La respuesta no es fácil y, sea cual sea la decisión que finalmente se tome, será un campo minado para la crítica colectiva. Una vez los ciudadanos han descubierto que la solución a la crisis no depende de nosotros y que por tanto nuestros políticos asumen una responsabilidad sin poder real, ¿qué tipo de liderazgo busca la sociedad? ¿Un cirujano con mano de hierro? ¿Un compañero leal para un penoso viaje? ¿Un optimista crónico experto en otear luces en un inacabable túnel? ¿Un sincero predicador? ¿De todo un poco? Elijan o aporten más perfiles, como quieran.
Saben, claro que saben. Pero saber es un prerrequisito para ser alternativa política en la sociedad. Lo importante viene después: para qué se sabe, qué se propone, cuál es el objetivo, por qué camino se va tirar. Y es de esto último de lo que hay muy poco o casi nada. No hay plan, nadie parece tener un plan serio, una alternativa esperanzadora. Bueno sí, hay uno: esperar hasta que escampe, que es lo mismo que rezar para quedarnos como estamos.

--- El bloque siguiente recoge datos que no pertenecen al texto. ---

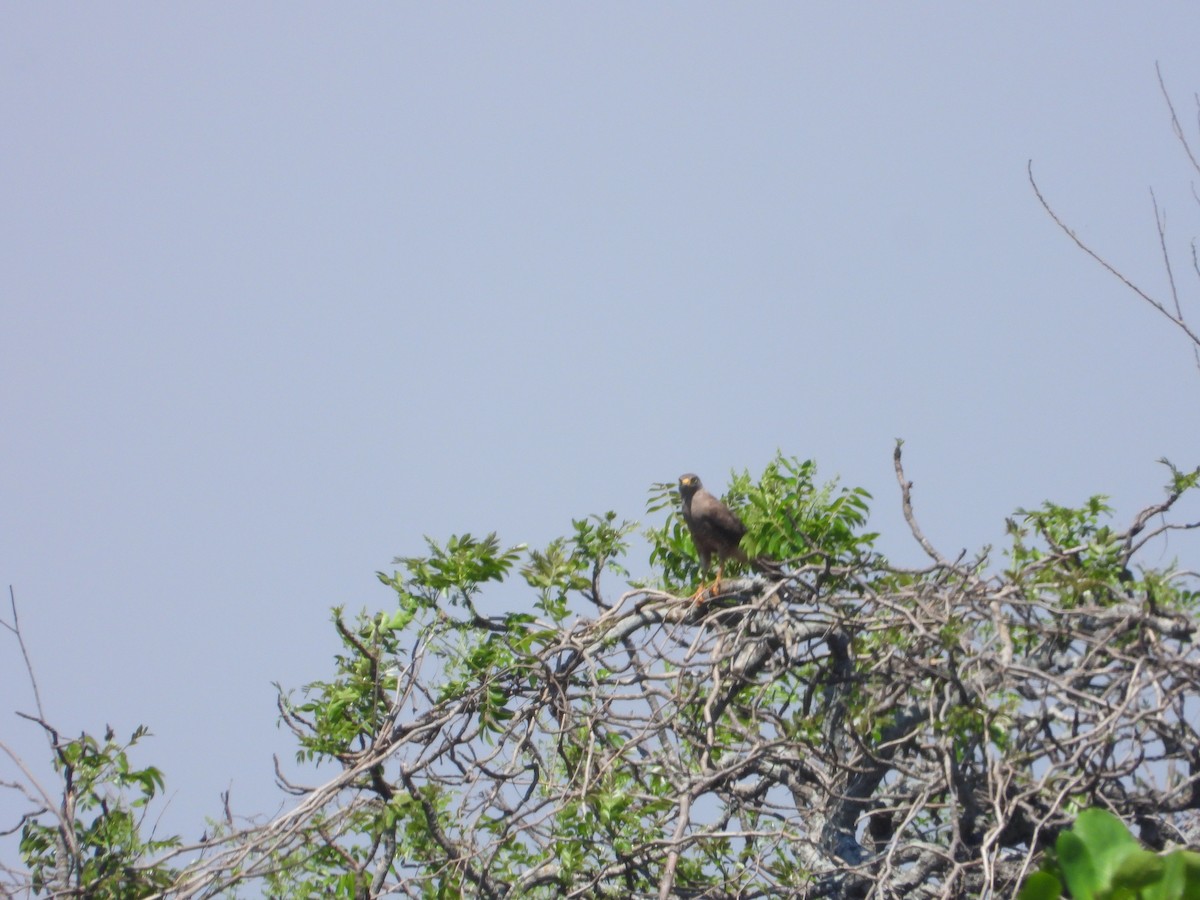 Roadside Hawk - ML243446161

Y mientras Europa se hace bilingüe, pues habla exclusivamente en francés y alemán, el castellano es ya sólo un grito de auxilio para que no se nos deje caer. Por su parte, el debate patrio es de lo más interesante. Llevamos no sé cuántas semanas –perdidas- discutiendo sobre la reactivación del impuesto de patrimonio con una virulencia extraordinaria. De guiarnos por lo que nuestros políticos dicen parecería que la solución a la crisis depende de un impuesto que, a la postre, nos va a dar mil millones de euros (algo es algo).

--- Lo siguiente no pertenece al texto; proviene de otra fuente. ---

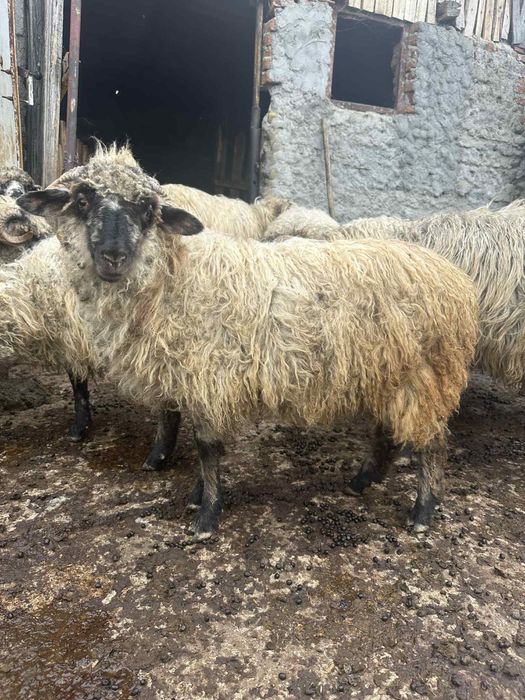 Vand 5 miei, 4 femele si un berbecut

Quede claro, no obstante, que me parece muy bien que se le recupere, máxime cuando vivo en un país donde a los ricos ya no les presumo ni su patriotismo ni su inteligencia (les recuerdo que en Francia y Alemania las grandes fortunas han pedido pagar más impuestos). Sin embargo, coincidirán conmigo en que si lo que se quiere es recaudar más y de forma constitucionalmente justa –pagando más el que más tiene- lo que habría que hacer es proceder a una profunda reforma del sistema tributario.

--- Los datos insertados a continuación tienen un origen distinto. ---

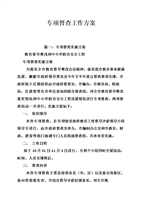 专项督查工作方案.doc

Pero para esto no hay plan o, si lo hay, sólo se apunta tímidamente no vaya ser que las grandes fortunas busquen otros paraísos más cálidos y baratos.
En fin, que por lo menos saben, que ya es algo si les sirve para entender lo que está pasando. Mucho peor sería descubrir a posteriori que sólo saben que no saben nada. Una actitud muy griega, por cierto.